_Exercise details_.
Output only the lines that run from the one with "Well-equipped fitness center" to the final line of the material, exactly as they are written.

_Recorded data_.

+===+

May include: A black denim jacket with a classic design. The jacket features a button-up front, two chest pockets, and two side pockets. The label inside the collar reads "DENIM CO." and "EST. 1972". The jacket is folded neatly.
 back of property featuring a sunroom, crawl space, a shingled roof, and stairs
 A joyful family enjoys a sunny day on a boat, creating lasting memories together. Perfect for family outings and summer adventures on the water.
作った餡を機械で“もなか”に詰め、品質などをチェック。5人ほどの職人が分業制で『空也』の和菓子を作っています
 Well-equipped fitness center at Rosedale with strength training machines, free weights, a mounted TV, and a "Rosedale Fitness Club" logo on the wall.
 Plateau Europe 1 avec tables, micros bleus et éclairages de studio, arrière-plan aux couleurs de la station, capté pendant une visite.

+===+

_Written solution_.
 Well-equipped fitness center at Rosedale with strength training machines, free weights, a mounted TV, and a "Rosedale Fitness Club" logo on the wall.
 Plateau Europe 1 avec tables, micros bleus et éclairages de studio, arrière-plan aux couleurs de la station, capté pendant une visite.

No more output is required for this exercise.